Spessart 2021

Der Spessart – das neuentdeckte Bikerparadies

Die älteren Semester unter uns werden sich vielleicht noch daran erinnern: “Erbarmen: Die Hesse kommen!”. Dieser wunderbare Song der Rodgau Monotones aus den frühen 80er Jahren kam mir bei unserer Spessart-Tour wieder in den Sinn und hat sich richtig festgefressen. Er ist nicht nur ein tolles Stück Musik, sondern bringt das Fazit unserer Reise auch perfekt auf den Punkt. Denn Hessen – und besonders der Spessart – lag viel zu lang unter unserem “Biker-Radar”. Vielleicht war auch die geografische Lag daran schuld: Irgendwie waren die Hessen im “Biker-Blick” eingeklemmt zwischen Bayern, dem Rheinland und dem Thüringer Wald. Nach fünf Tourentagen stand für uns jedenfalls fest: Hessen ist eine Kernregion der deutschen Biker-Landschaft mit viel Herz und langer Geschichte.
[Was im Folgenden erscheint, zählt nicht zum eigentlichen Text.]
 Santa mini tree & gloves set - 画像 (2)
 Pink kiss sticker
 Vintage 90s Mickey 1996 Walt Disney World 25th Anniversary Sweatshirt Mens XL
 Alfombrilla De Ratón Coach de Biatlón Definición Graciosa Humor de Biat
Und bis heute ist das Land ein Muss für jeden Tourenfahrer.

Unsere Basisstation hatten wir im Landgasthof “Jossgrund” aufgeschlagen. Das war ein Volltreffer, denn das geräumige, auch von “Tourenfahrer” empfohlene Haus hat alle Erwartungen erfüllt. Es ist mit seinem riesigen Innenhof und einer großen Garage auf Motorradgruppen bestens vorbereitet. Biker sind hier oft und gern gesehene Gäste. Die hauseigene Fleischerei sorgt im Gasthof für eine zünftige regionale Küche. Draußen prangt ein Schild vom “Guinness-Schnitzelweltmeister” und das ist nicht übertrieben.

Die eigentliche Überraschung war aber der Spessart selbst. Unsere achtköpfige Tourengruppe war einfach hin und weg. Natürlich findet man hier im Mittelgebirge keine alpinen Felsformationen. Dafür sind in diesem Märchenwald die Vielfalt und Kombinationsmöglichkeit der Strecken aber einfach enorm. Alle Straßen sind bestens ausgebaut und der Grip auf dem Asphalt lässt keine Wünsche offen. Sowohl Kurvenjunkies als auch genussvolle Cruiser kommen hier auf ihre Kosten. Und das Wichtigste überhaupt: Man ist hier oft kilometerlang nahezu allein auf weiter Flur. Wer also eine hochwertige und ebenso anspruchsvolle Tourenlandschaft sucht, sollte den Spessart ganz oben auf seine Liste setzen.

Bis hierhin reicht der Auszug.